Our price action for the end of March, without leveraged longs and shorts is probably about 55k. March is traditionally a red month for BTC but around 59k we were running a large volume of leverage longs. Some investing entity that sees a price of 59k as being premature takes out a leveraged short to profit from their perceived likelyhood of a natural pullback to say, 55k and the house of cards dynamic is on. As more of these leveraged, margin traders pile into the market it becomes more volatile, specifically because of their margin requirements and subsequent liquidations.
Finally, “manipulating the market with strong data and leveraged longs or shorts”. When I observe the price to be above or below my predicted “real value” level, and when I can see or predict the entries and exits of heavy leverage, I can then estimate the prices at which certain positions will be margin called and liquidated. If my information is perfect, I can create an avalanche effect, whereby I see that putting down some number, like $15,000,000 short, with 101x leverage, will create a cascading effect of liquidations bringing the price to its “real value” point of maximum stability and then dragging it lower based on momentum and panic selling.

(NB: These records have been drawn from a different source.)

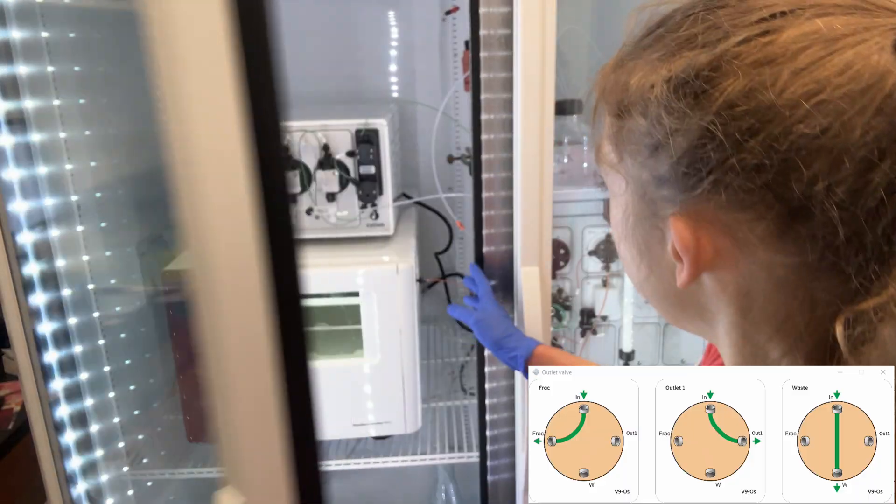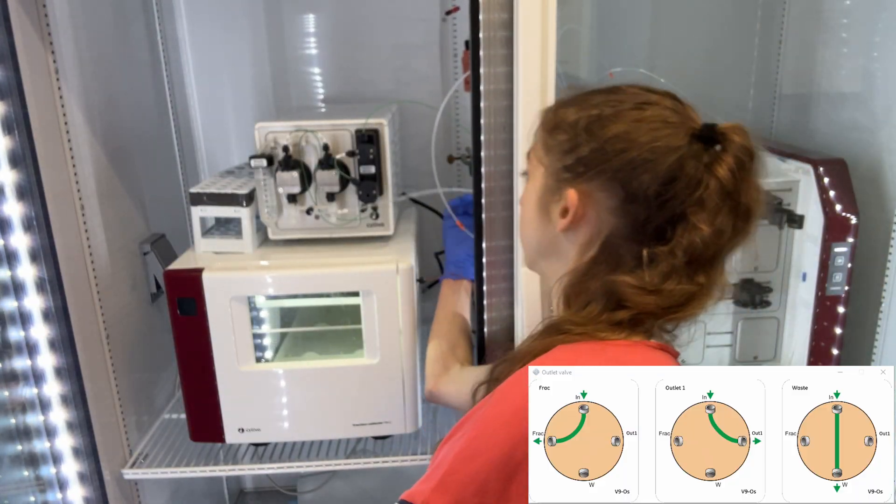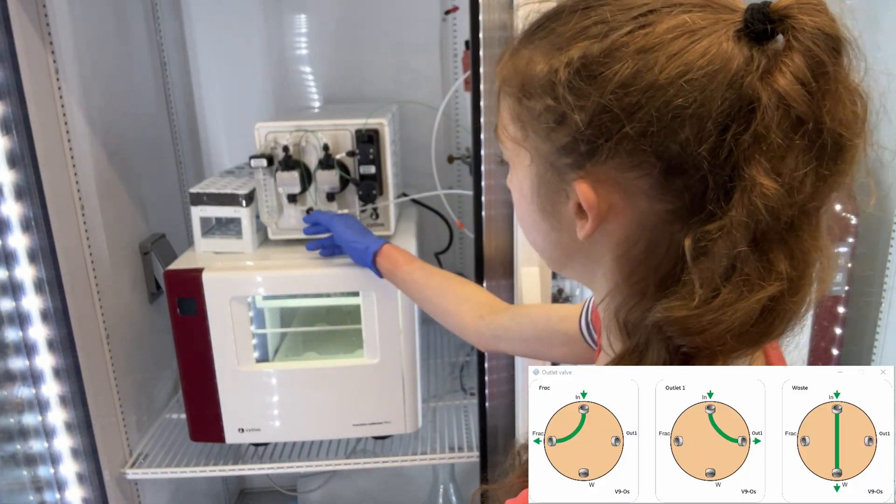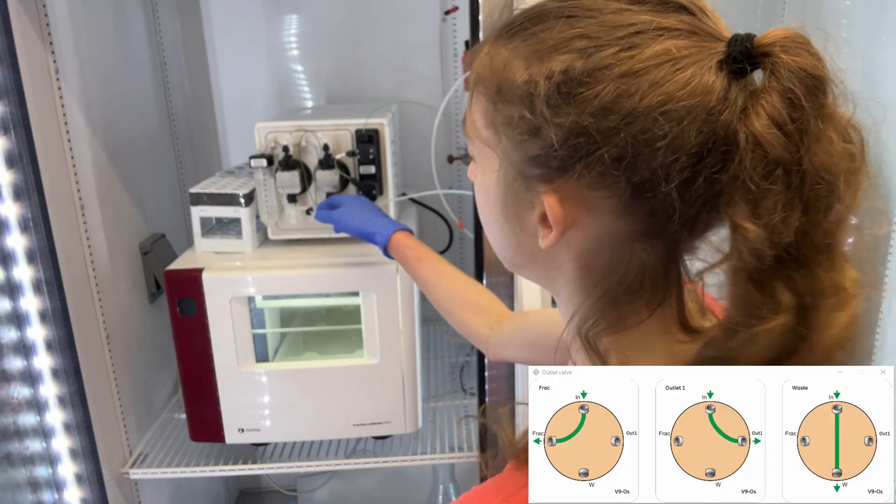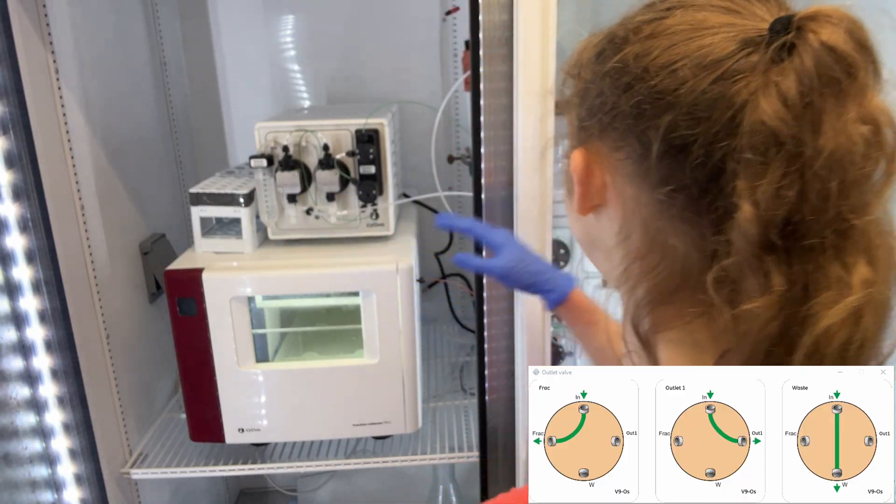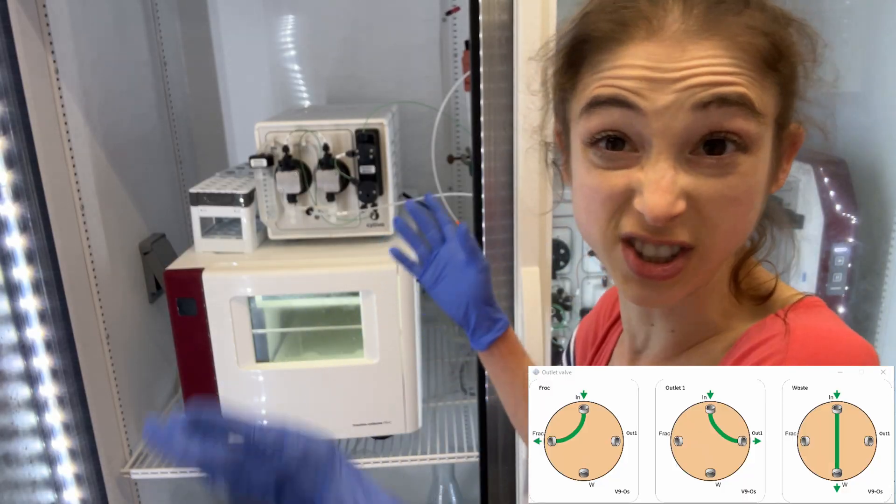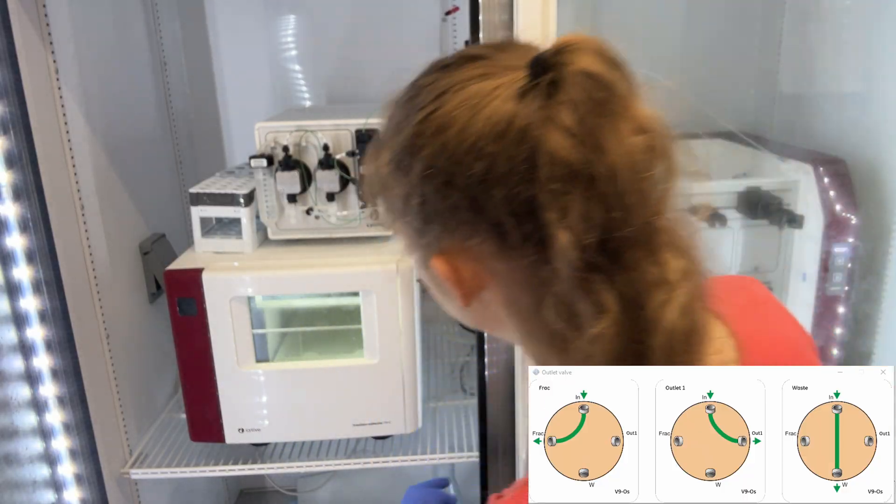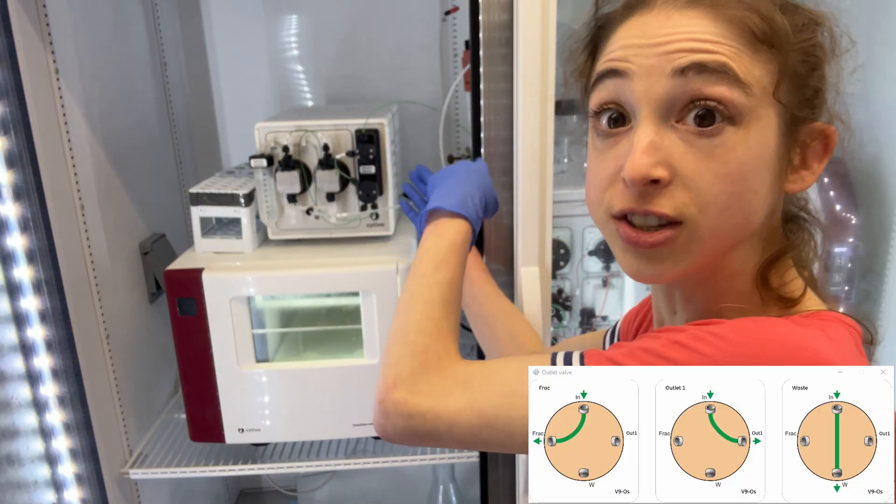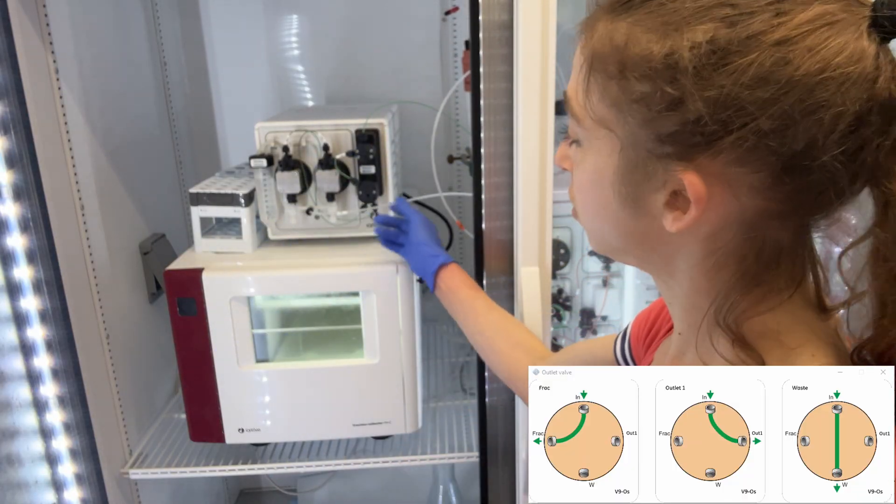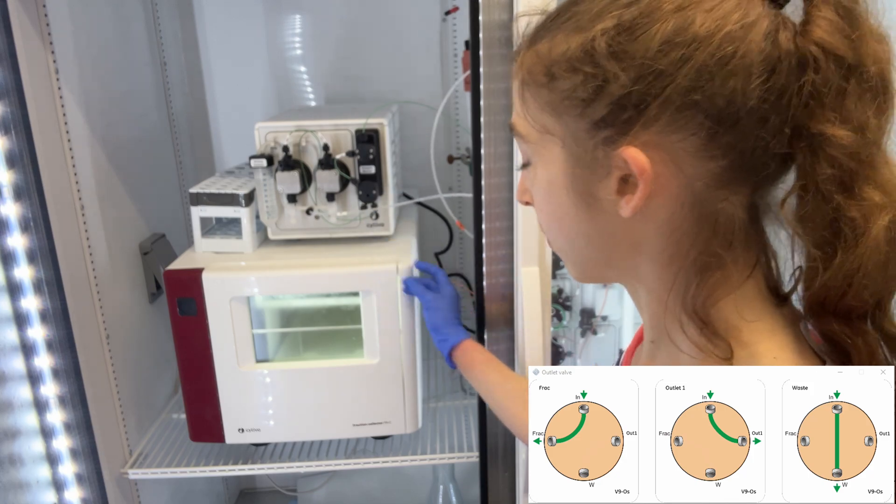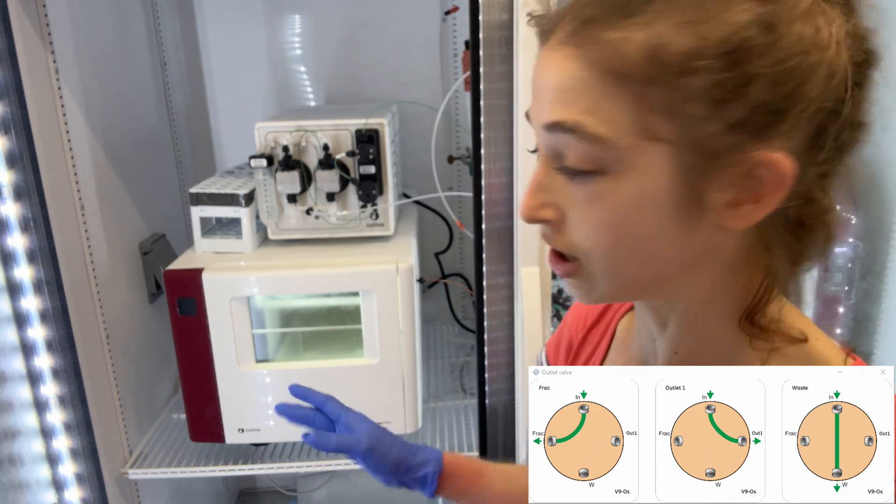So there is a line that goes into the fraction collector from the column, and this line needs to be washed after your run, not just washing when you go set to wash things normally. It just goes out through the waste, but you need to set it to directly go to the fraction collector to wash this tubing and wash all the tubing that's associated with the fraction collector.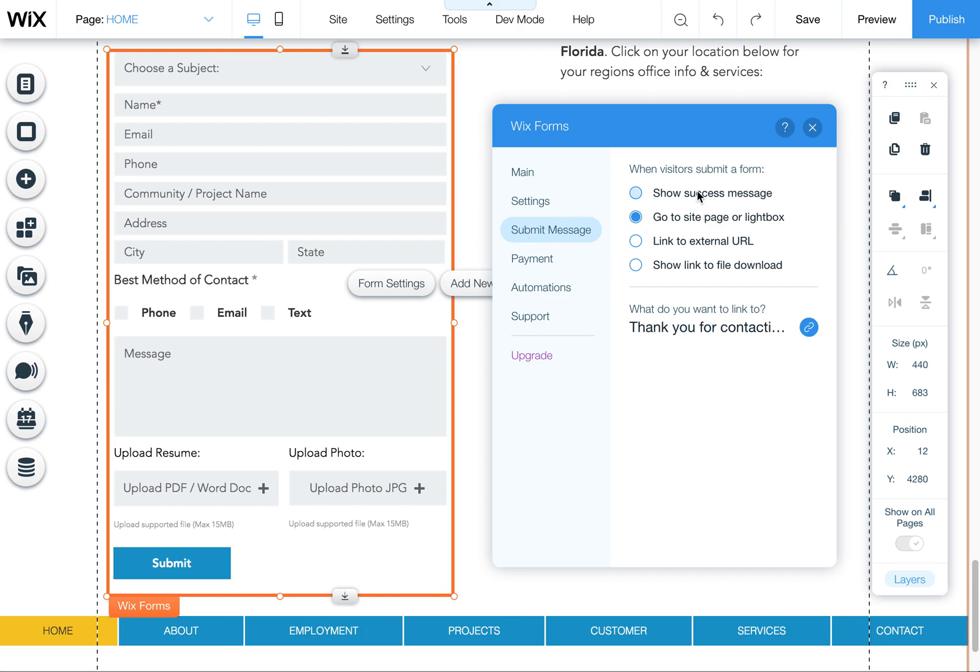By default, it shows a success message which you can customize. But for SEO purposes, it's better to send them to a thank you page. That way Google sees that it goes from one page to the next. For tracking and bounce rates, it lowers your bounce rate because it moves the user to the next page.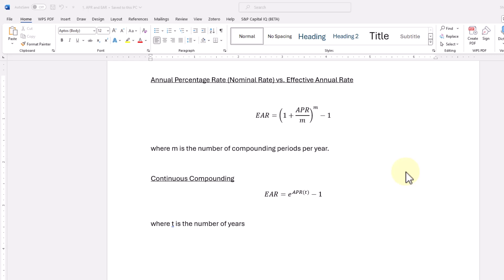Hello everyone, in this video I'm going to demonstrate how to calculate the effective annual rate given an APR and the number of compounding periods per year.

When all goes well, whether I was long or short, the market moves past my predicted point of price stability and that’s where I can make a shit load of gains. If target was 55k and momentum supports a bear run to even 53k, I just need to try to cover at anything below 55k while being especially reactive at 53k.
TL:DR - Know when futures contracts expire end expect increased volatility. Leveraged trading allows high information traders to have huge influence on short term price action. Don’t use leverage if you don’t have an edge on the market. Don’t panic sell or FOMO big swings that happen during expiration run ups.
And for a bonus: don’t lend Bitcoin if you don’t want people to be able to borrow it to short sell.